TASK TO COMPLETE —
The material below holds a span beginning at the line with "Sea Dragon Dreams" and ending at the line with "Template for Supernote". Quote that span exactly, both ends included, and only that span.
▬▬▬
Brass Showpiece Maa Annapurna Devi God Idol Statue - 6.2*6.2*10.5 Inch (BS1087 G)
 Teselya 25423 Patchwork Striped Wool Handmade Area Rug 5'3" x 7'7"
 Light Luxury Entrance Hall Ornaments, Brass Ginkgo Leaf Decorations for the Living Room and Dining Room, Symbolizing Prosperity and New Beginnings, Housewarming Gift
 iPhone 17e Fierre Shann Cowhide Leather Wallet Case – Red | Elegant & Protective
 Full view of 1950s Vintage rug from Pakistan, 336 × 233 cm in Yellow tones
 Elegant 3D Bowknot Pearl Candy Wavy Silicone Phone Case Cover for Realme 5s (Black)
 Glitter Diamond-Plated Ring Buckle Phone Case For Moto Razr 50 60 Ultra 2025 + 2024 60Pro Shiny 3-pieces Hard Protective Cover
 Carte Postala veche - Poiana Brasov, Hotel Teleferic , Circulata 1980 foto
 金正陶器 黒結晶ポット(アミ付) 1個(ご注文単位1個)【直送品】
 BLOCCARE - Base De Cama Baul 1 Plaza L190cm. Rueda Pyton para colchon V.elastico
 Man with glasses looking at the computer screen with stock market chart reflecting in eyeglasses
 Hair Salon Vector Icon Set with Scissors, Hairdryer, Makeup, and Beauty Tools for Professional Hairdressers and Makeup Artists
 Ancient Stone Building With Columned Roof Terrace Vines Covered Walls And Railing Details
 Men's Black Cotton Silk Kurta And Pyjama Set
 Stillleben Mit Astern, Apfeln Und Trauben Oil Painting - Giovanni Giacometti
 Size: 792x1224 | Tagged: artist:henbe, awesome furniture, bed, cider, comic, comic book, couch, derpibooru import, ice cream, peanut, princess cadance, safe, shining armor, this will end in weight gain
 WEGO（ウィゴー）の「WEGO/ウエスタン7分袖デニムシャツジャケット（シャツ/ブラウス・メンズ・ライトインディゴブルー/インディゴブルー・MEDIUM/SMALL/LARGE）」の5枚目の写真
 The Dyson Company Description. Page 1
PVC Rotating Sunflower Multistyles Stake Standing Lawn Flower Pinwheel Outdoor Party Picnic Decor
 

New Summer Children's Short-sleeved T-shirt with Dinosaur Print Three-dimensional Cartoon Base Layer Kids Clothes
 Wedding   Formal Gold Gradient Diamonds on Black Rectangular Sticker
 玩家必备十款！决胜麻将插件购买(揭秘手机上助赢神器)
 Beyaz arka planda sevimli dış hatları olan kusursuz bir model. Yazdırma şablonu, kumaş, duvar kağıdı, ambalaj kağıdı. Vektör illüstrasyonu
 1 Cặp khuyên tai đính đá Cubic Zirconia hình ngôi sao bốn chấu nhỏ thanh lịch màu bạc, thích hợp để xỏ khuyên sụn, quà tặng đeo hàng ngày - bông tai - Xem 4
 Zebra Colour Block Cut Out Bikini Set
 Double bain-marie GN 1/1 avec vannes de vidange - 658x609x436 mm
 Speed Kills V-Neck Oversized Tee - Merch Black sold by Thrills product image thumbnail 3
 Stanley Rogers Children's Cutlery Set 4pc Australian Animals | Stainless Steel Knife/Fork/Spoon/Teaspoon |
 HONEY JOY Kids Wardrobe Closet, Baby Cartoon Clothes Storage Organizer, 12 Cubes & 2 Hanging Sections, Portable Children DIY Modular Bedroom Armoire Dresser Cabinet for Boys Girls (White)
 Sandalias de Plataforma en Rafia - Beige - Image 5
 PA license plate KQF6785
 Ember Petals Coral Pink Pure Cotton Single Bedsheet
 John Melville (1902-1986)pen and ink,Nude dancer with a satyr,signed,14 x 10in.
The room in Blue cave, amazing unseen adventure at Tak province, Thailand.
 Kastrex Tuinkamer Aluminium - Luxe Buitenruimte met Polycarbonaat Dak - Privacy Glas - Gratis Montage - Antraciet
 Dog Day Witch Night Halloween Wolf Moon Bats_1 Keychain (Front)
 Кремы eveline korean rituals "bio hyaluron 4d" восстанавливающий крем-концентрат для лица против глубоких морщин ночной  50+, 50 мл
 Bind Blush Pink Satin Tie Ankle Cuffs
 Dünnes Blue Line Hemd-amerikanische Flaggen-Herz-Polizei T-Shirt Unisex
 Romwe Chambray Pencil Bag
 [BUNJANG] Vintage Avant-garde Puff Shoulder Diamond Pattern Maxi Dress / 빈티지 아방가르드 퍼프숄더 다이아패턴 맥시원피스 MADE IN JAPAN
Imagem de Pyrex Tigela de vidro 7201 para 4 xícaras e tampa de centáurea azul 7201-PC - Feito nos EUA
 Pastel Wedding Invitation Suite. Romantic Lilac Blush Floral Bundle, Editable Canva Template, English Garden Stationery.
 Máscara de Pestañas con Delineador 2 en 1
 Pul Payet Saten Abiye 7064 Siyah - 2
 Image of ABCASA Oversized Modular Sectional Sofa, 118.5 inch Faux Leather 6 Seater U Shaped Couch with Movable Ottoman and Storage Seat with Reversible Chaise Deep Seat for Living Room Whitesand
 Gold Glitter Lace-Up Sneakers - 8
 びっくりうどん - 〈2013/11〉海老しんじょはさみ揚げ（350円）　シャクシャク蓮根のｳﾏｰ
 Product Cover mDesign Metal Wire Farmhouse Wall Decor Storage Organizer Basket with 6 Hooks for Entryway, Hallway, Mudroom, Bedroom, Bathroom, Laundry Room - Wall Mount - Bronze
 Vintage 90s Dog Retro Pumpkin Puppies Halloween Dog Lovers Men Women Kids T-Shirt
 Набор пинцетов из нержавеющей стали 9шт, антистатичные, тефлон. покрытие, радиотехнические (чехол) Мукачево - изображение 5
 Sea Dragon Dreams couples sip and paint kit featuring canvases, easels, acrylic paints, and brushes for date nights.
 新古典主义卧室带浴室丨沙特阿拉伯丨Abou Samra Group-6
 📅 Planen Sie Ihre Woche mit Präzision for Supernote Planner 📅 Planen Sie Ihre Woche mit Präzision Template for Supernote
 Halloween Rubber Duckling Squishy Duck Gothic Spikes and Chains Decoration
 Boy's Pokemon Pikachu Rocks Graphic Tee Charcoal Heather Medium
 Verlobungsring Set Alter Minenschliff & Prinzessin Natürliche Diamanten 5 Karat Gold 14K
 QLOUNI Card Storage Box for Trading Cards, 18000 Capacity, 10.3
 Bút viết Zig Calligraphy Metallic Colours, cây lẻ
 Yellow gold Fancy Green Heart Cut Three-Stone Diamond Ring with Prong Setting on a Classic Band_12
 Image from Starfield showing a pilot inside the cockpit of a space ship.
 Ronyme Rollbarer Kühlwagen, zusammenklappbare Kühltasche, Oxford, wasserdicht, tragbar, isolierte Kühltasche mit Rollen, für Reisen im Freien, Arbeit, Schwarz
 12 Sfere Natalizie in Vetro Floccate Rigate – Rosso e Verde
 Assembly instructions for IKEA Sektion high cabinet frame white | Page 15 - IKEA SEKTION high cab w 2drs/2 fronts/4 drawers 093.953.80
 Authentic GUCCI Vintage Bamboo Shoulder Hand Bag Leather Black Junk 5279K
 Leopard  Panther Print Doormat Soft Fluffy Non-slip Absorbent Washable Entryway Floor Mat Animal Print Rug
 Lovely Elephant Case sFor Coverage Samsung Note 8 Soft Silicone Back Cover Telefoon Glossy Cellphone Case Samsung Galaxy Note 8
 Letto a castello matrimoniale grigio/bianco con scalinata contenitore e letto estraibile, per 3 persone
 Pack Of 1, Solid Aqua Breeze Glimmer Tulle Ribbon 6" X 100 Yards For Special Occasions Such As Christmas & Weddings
▬▬▬
RESPONSE BELOW —
 Sea Dragon Dreams couples sip and paint kit featuring canvases, easels, acrylic paints, and brushes for date nights.
 新古典主义卧室带浴室丨沙特阿拉伯丨Abou Samra Group-6
 📅 Planen Sie Ihre Woche mit Präzision for Supernote Planner 📅 Planen Sie Ihre Woche mit Präzision Template for Supernote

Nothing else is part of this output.